Une autre étape décisive fut franchie en 1900, avec le vol de 5 km (à 410 mètres d’altitude), au-dessus du lac de Constance, du premier dirigeable rigide, le LZ 1, conçu par le célèbre ingénieur allemand Ferdinand Von Zeppelin. En 1909, le LZ 6 devint le premier zeppelin à être utilisé pour le transport de passagers, mais l’âge d’or des dirigeables commença en 1928, avec la mise en service du fameux « Graf Zeppelin », qui, avec ses 236 mètres de long, était un véritable paquebot des airs et pouvait traverser l’Atlantique en trois jours, soit, à l’époque, deux fois plus vite qu’en bateau. Pendant 9 ans, ce dirigeable inégalé effectua 143 traversées de l'Atlantique, transportant 13 000 passagers. Mais cette brillante épopée se termina tragiquement par l’explosion accidentelle de ce dirigeable rempli d’hydrogène, et la mort de 37 des 100 passagers de cet engin, alors que le Graf Zeppelin s’apprêtait à atterrir sur la base aérienne de Lakehurst, dans le New Jersey.

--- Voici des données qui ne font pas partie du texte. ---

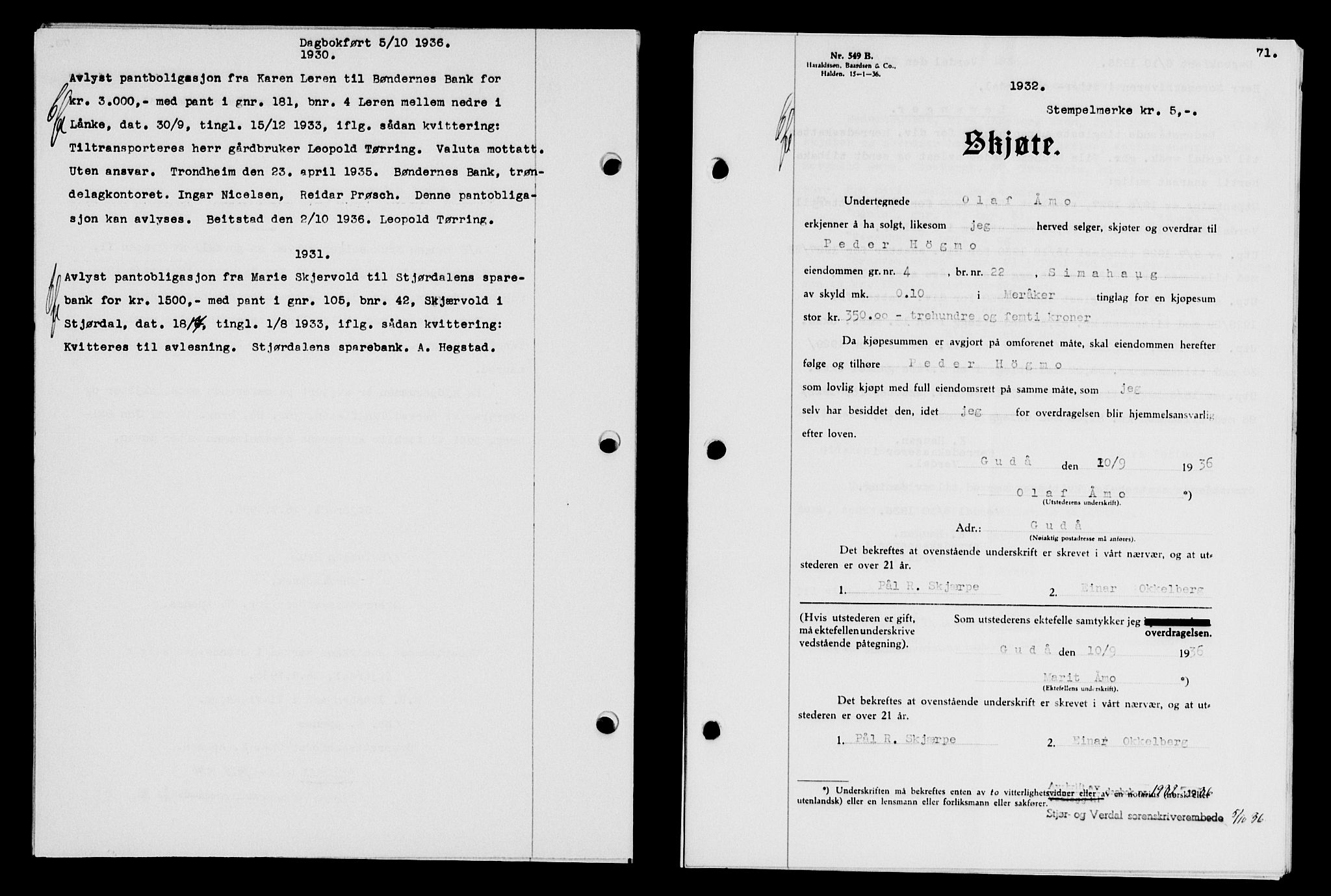 Stjør- og Verdal sorenskriveri, SAT/A-4167/1/2/2C/L0078: Pantebok nr. 46, 1936-1937, Dagboknr: 1932/1936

Il fallut ensuite attendre 1997 pour voir à nouveau voler un grand dirigeable semi-rigide, le Zeppelin NT, qui est gonflé à l’hélium, mesure 75 mètres de long et est essentiellement utilisé pour des vols touristiques ou d’exploration. Ce dirigeable de nouvelle génération, dont sept exemplaires sont en service, peut voler à une vitesse maximale de 125 km/h, pour une autonomie de 900 km.

Mais depuis les Accords de Paris de 2016 et la volonté nouvelle de la communauté internationale de parvenir à la neutralité carbone d’ici 2050, pour essayer de limiter à deux degrés le réchauffement climatique en cours, la nécessité de faire baisser plus rapidement les émissions de CO2 du secteur des transports (qui représentent au moins le quart des émissions globales, soit 15 gigatonnes par an) n’a cessé de gagner du terrain, à la fois dans les opinions publiques et dans les décisions politiques des Etats. En moins de cinq ans, une mutation technologique et économique majeure, que nous avons évoquée à plusieurs reprises, s’est enclenchée pour décarboner beaucoup plus vite la mobilité lourde (trains, bus, bateaux et avions), grâce à l’hydrogène et pour basculer vers la propulsion électrique en matière de déplacements urbains, qu’ils soient particuliers ou collectifs.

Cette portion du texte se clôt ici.